◆ **Assignment**: The material below has pictures in it. Set down only the lines from the line containing "Comfort Colors Garment-Dyed" through the line containing "2014 Ford F-150", word for word, and leave the pictures behind.

◆ **Data for processing**:
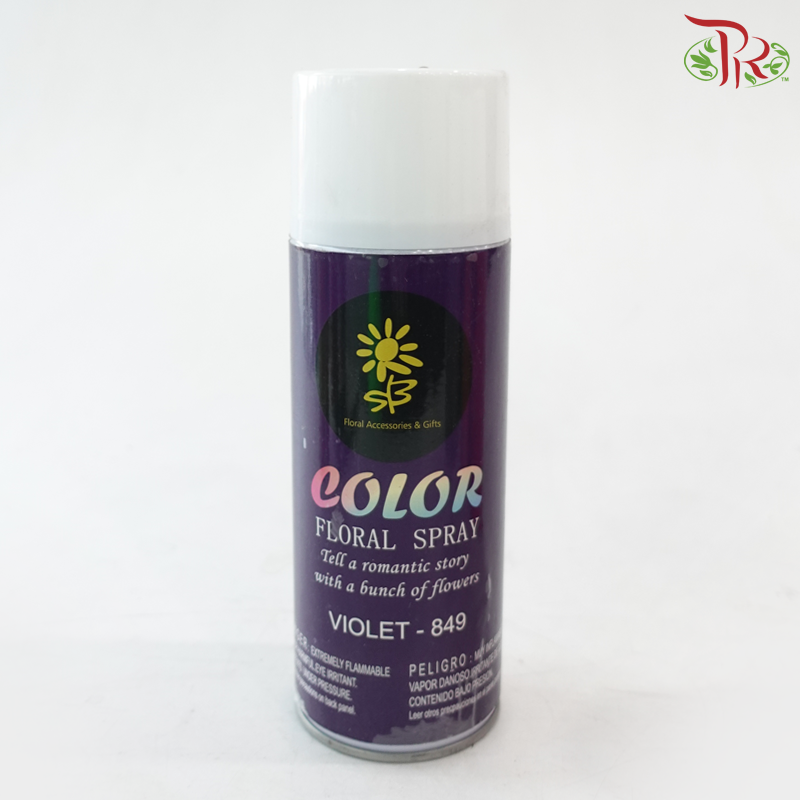 Floral Color Spray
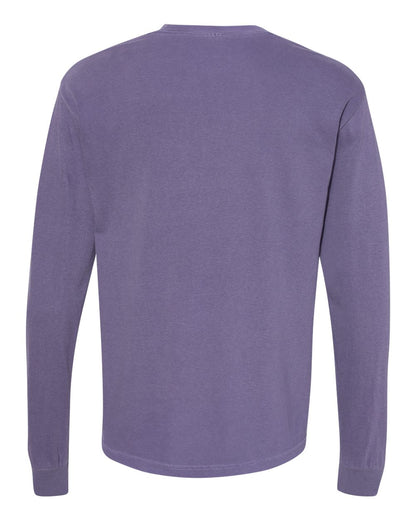Comfort Colors Garment-Dyed Heavyweight Long Sleeve T-Shirt - 6014
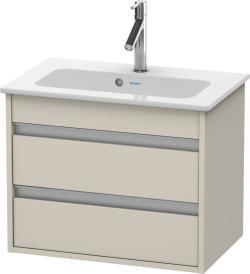 Duravit Ketho Asma dolap ünitesi 600 mm Taupe Dekoru KT645209191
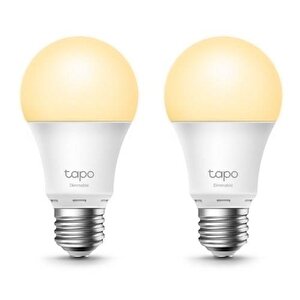 Tp-link Tapo L510e Ayarlanabi̇li̇r Işik Sevi̇yeli̇ Akilli Wi-fi Led Ampul (2-pack)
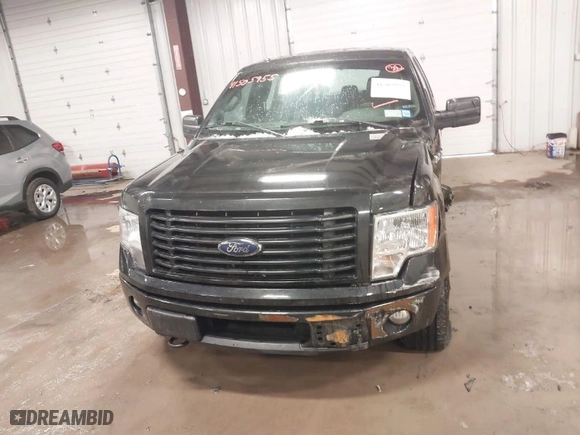 2014 Ford F-150 XL with VIN 1FTFW1EF6EFB39274, listed as a IAAI auction lot 41505955 with 155,411 mi miles. Bid and sale history available at carsss.com. Image 12.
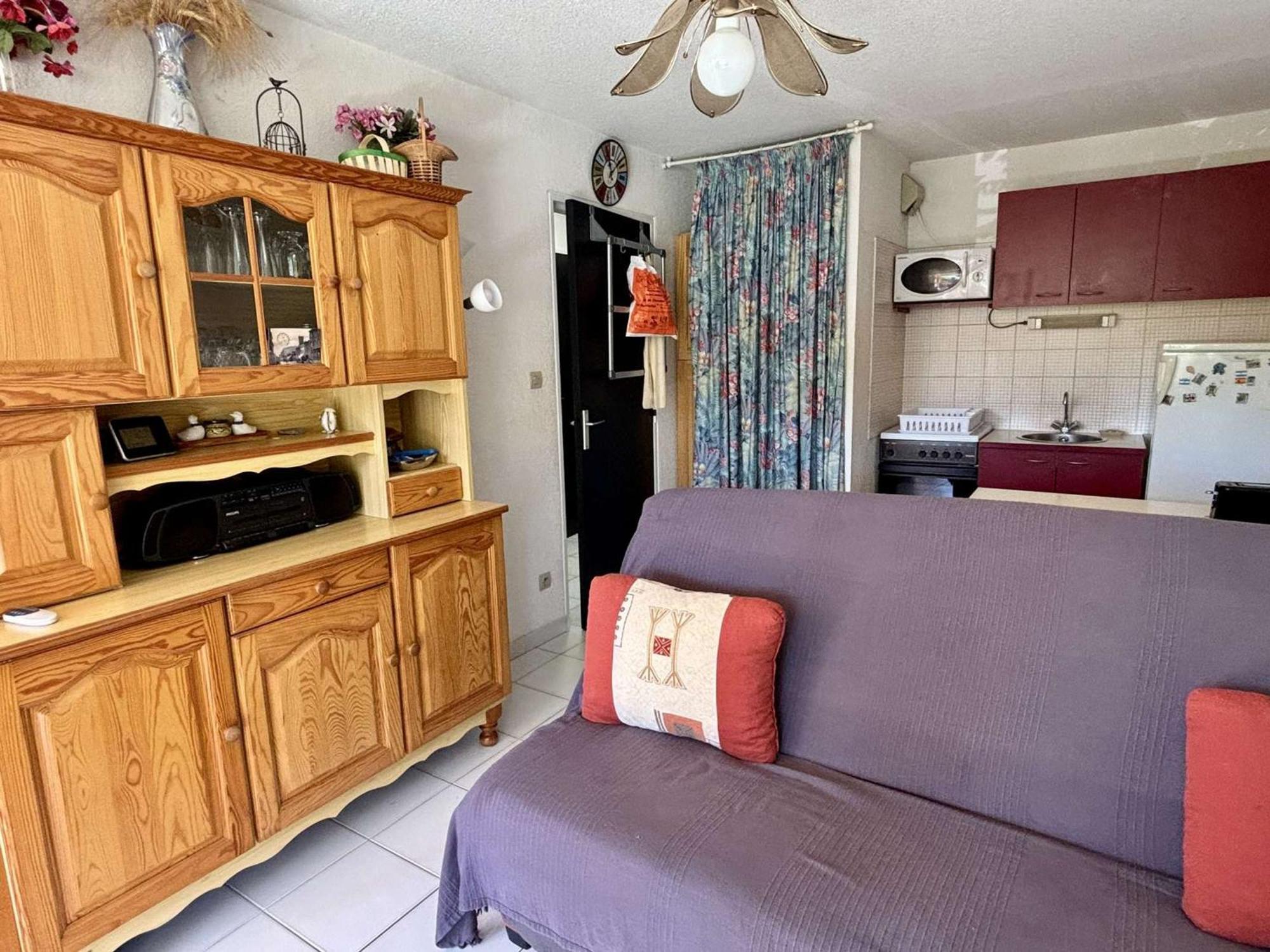 ארגלס-סור-מר Appartement Cosy A 100M De La Plage Avec Piscine, Parking Prive Et Loggia Vitree - Fr-1-225-706 מראה חיצוני תמונה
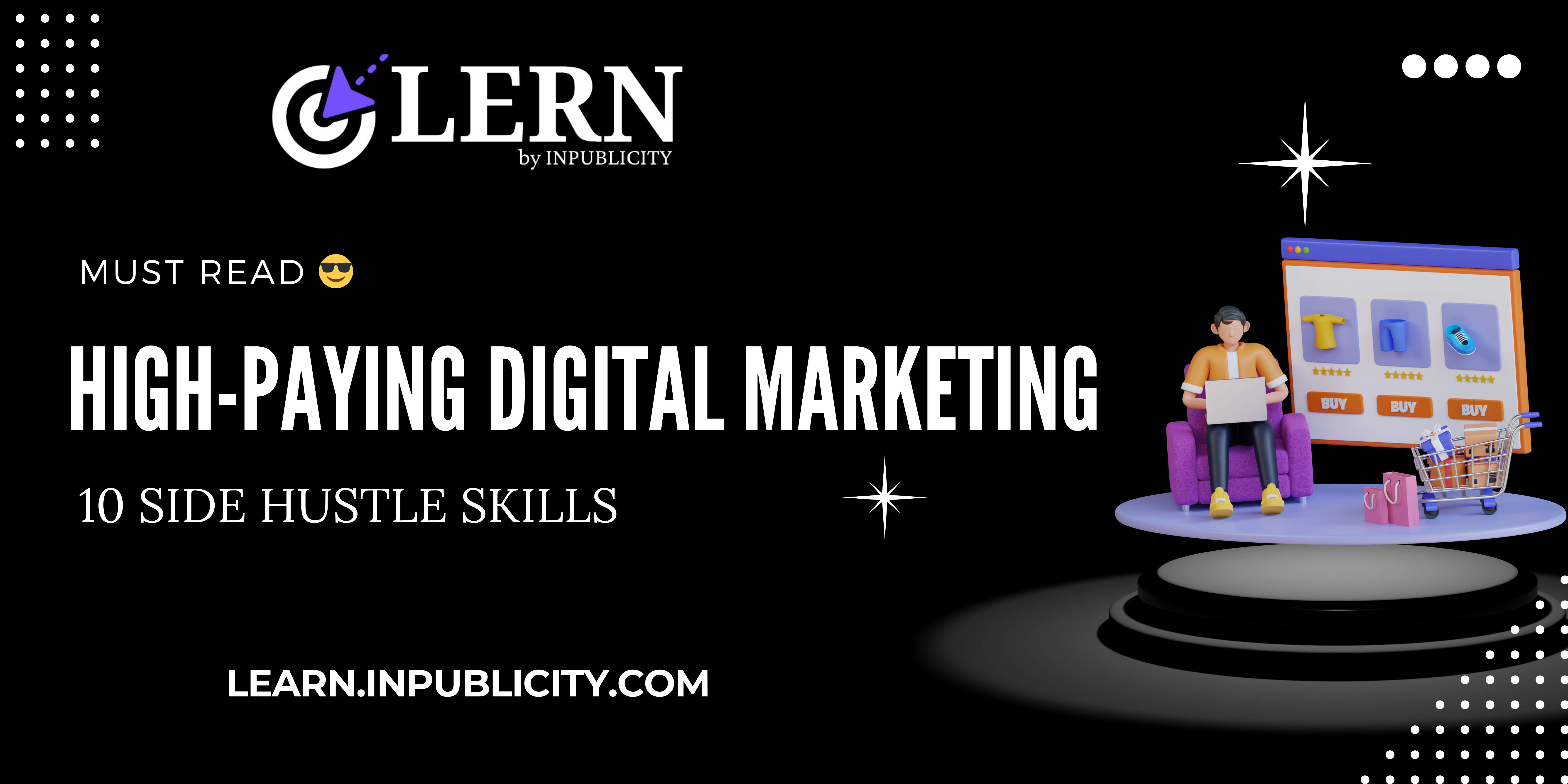 10 High-Paying Digital Marketing Side Hustle Skills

◆ **Written answer**:
Comfort Colors Garment-Dyed Heavyweight Long Sleeve T-Shirt - 6014
 Duravit Ketho Asma dolap ünitesi 600 mm Taupe Dekoru KT645209191
 Tp-link Tapo L510e Ayarlanabi̇li̇r Işik Sevi̇yeli̇ Akilli Wi-fi Led Ampul (2-pack)
 2014 Ford F-150 XL with VIN 1FTFW1EF6EFB39274, listed as a IAAI auction lot 41505955 with 155,411 mi miles. Bid and sale history available at carsss.com. Image 12.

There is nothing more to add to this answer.